Zakup wymarzonego mieszkania bez zaciągnięcia kredytu hipotecznego jest dla większości Polaków praktycznie poza zasięgiem. Według danych GUS, w lipcu 2025 roku przeciętne wynagrodzenie brutto w sektorze przedsiębiorstw wyniosło w Łodzi 8423 zł. To oznacza, że za jedną średnią pensję można było kupić 0,73 mkw. nowego mieszkania. Jednak – przy kredycie hipotecznym z 10-procentowym wkładem własnym, 25-letnim okresem spłaty i średnim oprocentowaniem z lipca 2025 r. mieszkańcy Łodzi mogli pozwolić sobie na: mieszkanie o powierzchni 34 mkw. (w przypadku singla), mieszkanie o powierzchni 65 mkw. (w przypadku rodziny 2+1).
Oferta jest szeroka
W lipcu 2025 roku na rynku mieszkaniowym w Łodzi dostępnych było około 10 306 lokali z rynku pierwotnego i 5 500 z wtórnego.

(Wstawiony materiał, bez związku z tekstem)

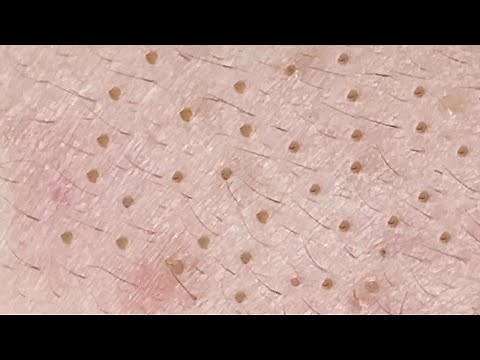 Satisfying Relaxing with Sac Dep Spa Video (#257) #SacDepSpa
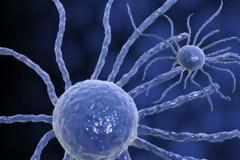 Όλη η αλήθεια για το κείμενο της Νατάσας Καραμανλή για τον καρκίνο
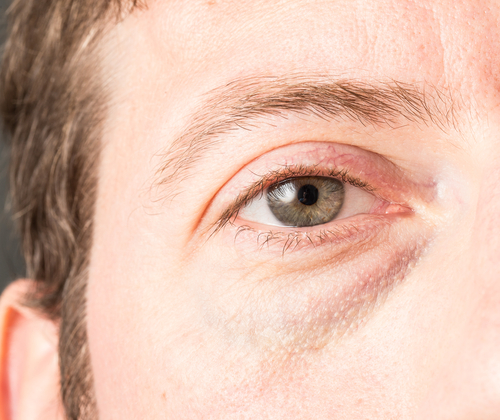 Men can fix deep eye bags with cosmetic surgery in Tennessee
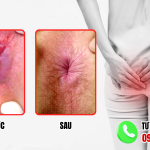 Hình ảnh trước và sau khi cắt trĩ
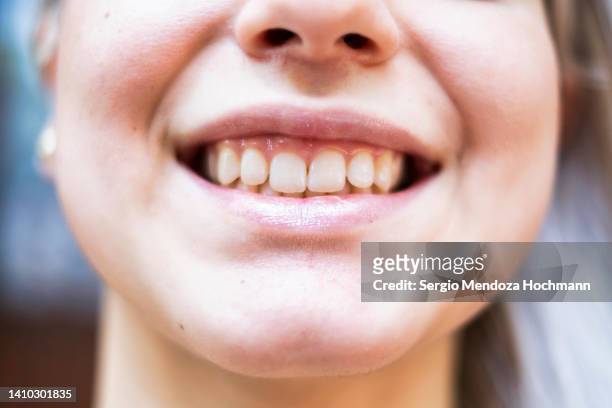 close up of teeth of young caucasian latino woman smiling - gingivitis stock-fotos und bilder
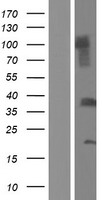 C1QTNF9B Human Over-expression Lysate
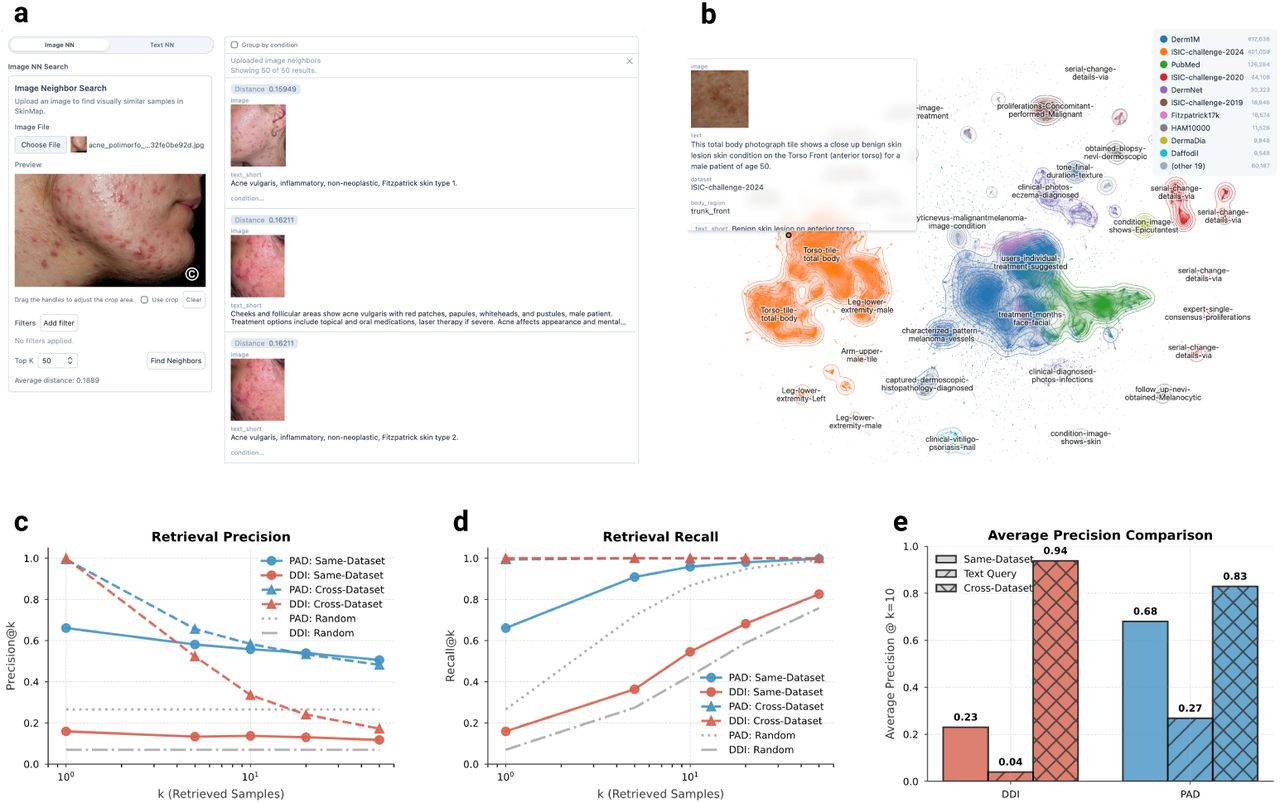 The SkinMap digital atlas for clinical decision support and strategic data steering.a, Interactive web-based interface allowing for real-time case uploads and retrieval of semantically similar cases with associated ground-truth diagnoses. b, Visualization of the global latent space, projecting diverse datasets into a unified manifold where proximity corresponds to clinical similarity and allows practitioners to explore the atlas. c–d, Benchmarking of retrieval precision (c) and recall (d) on hold-out datasets, comparing baseline performance within the same dataset against cross-dataset retrieval using the complete atlas. e, Comparison of Average Precision (at k = 10) demonstrating that while same-dataset retrieval provides a baseline for specialized cohorts like DDI, cross-dataset retrieval through the exhaustive SkinMap atlas provides a significant performance boost, increasing DDI precision from 0.23 to 0.94.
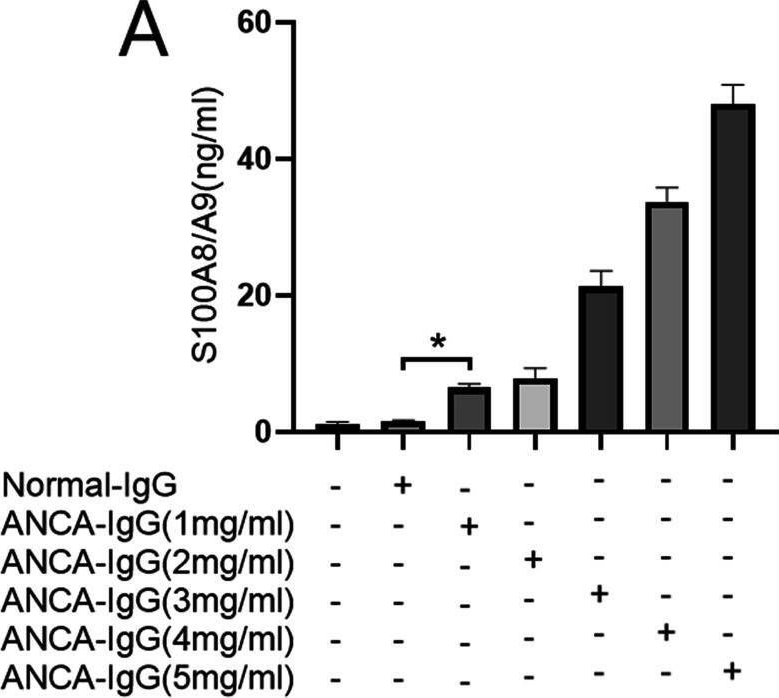 Fig.3.A showing Enzyme-linked immunosorbent assay from the publication: The potential pathogenic roles of S100A8/A9 and S100A12 in patients with MPO-ANCA-positive vasculitis.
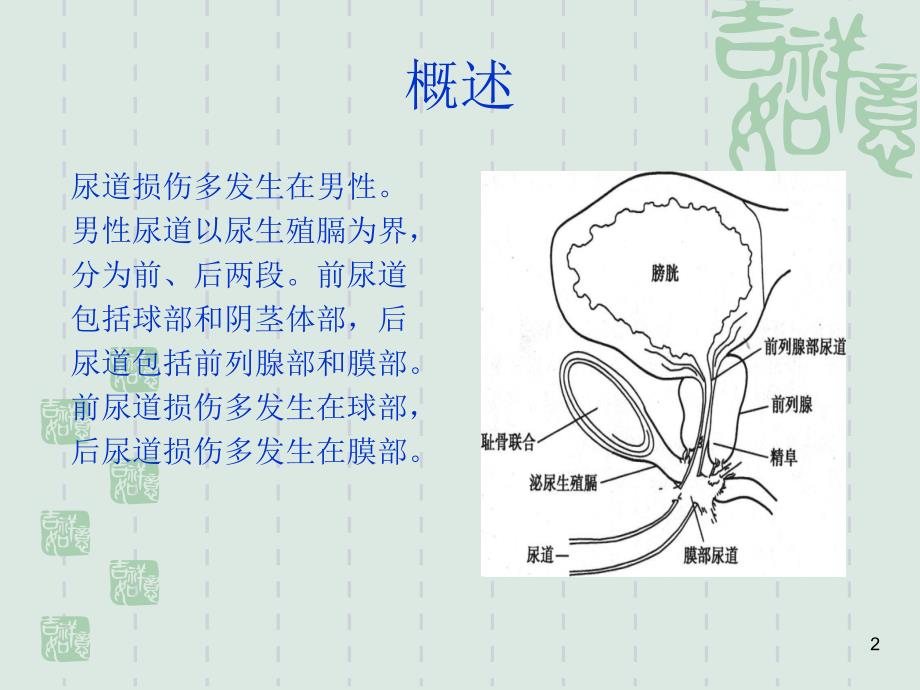 尿道损伤的治疗与护理PPT参考幻灯片.ppt_第2页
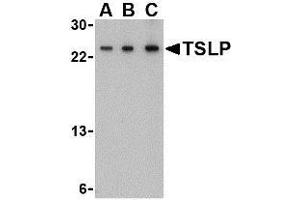 Western blot analysis of TSLP in A-20 cell lysate with TSLP antibody at (A) 0. (Thymic Stromal Lymphopoietin anticorps)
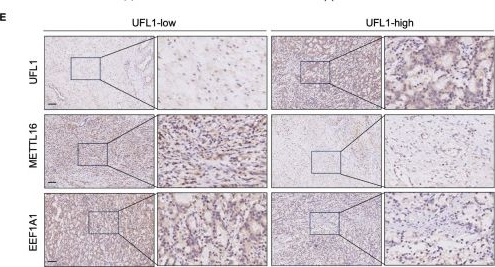 Fig.8.E showing Immunohistochemistry from the publication: Loss of UFL1 confers enzalutamide resistance of prostate tumors by regulating METTL16-mediated m6A modification of EEF1A1 mRNA.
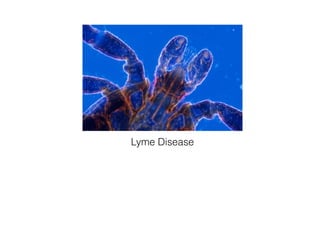 Lyme Disease
 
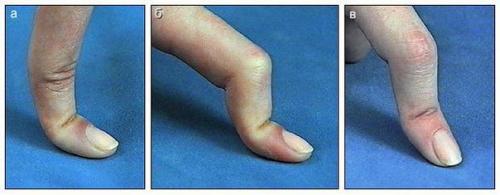 Мы лечим себя. 01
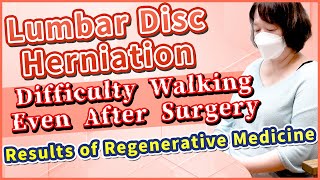 【Lumbar Herniated Disc】Difficulty Walking After Surgery -Improvement through Stem Cell Therapy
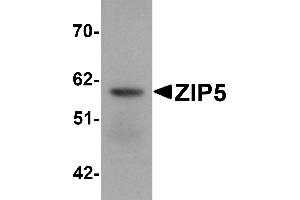 Western Blotting (WB) image for anti-Solute Carrier Family 39 (Metal Ion Transporter), Member 5 (SLC39A5) (Middle Region) antibody (ABIN1031181)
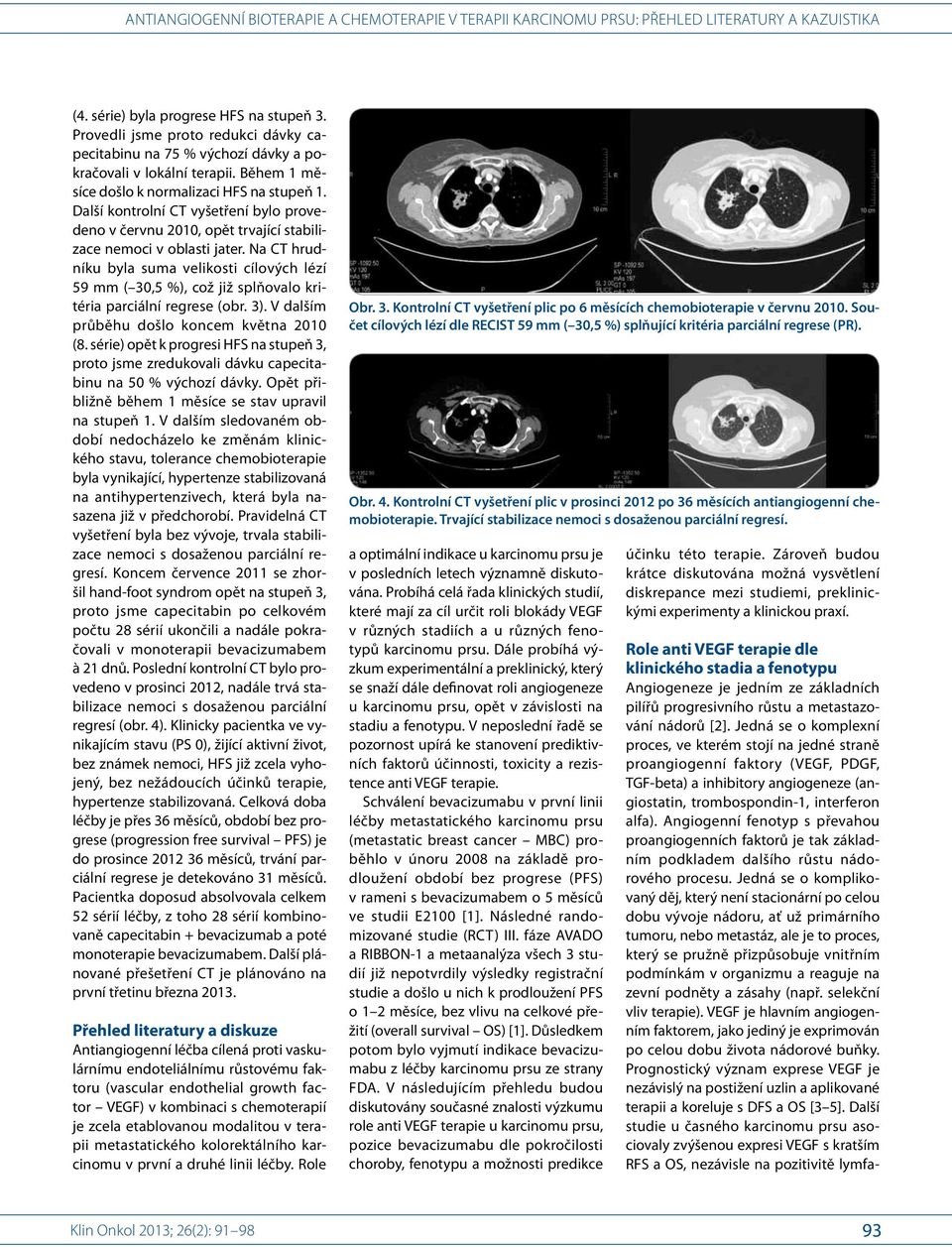 Na CT hrudníku byla suma velikosti cílových lézí 59 mm ( 30,5 %), což již splňovalo kritéria parciální regrese (obr. 3). V dalším průběhu došlo koncem května 2010 (8.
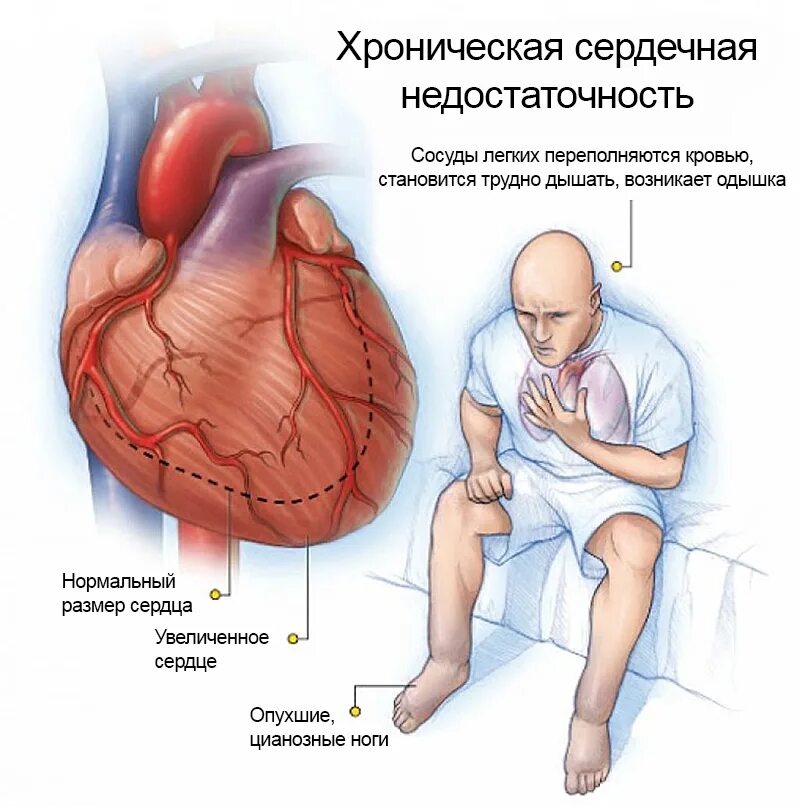 При сердечной недостаточности наблюдается. Хроническая сердечная недостаточность проявления. Хроническая застойная сердечная недостаточность симптомы. Проявления хронической сердечной недостаточности. Хронич сердечная недостаточность симптомы.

Tym samym na tysiąc mieszkańców przypadały 24 oferty. To dobry wynik w porównaniu z innymi miastami wojewódzkimi – komentuje RynekPierwotny.pl. Większą ofertą w przeliczeniu na tysiąc mieszkańców mogły pochwalić się tylko takie miasta jak: Wrocław i Katowice (po 31 ofert), a także Gdańsk i Kraków (po 26 ofert). Najsłabiej pod względem podaży wypada Zielona Góra (zaledwie 8 ofert). Największe lokum na kredyt kupi zarówno singiel jak i rodzina 2+1 w Gorzowie Wielkopolskim i Opolu. W obu tych miastach singla stać na 42-metrowe M, a rodzinę 2+1 na 79-metrowe mieszkanie.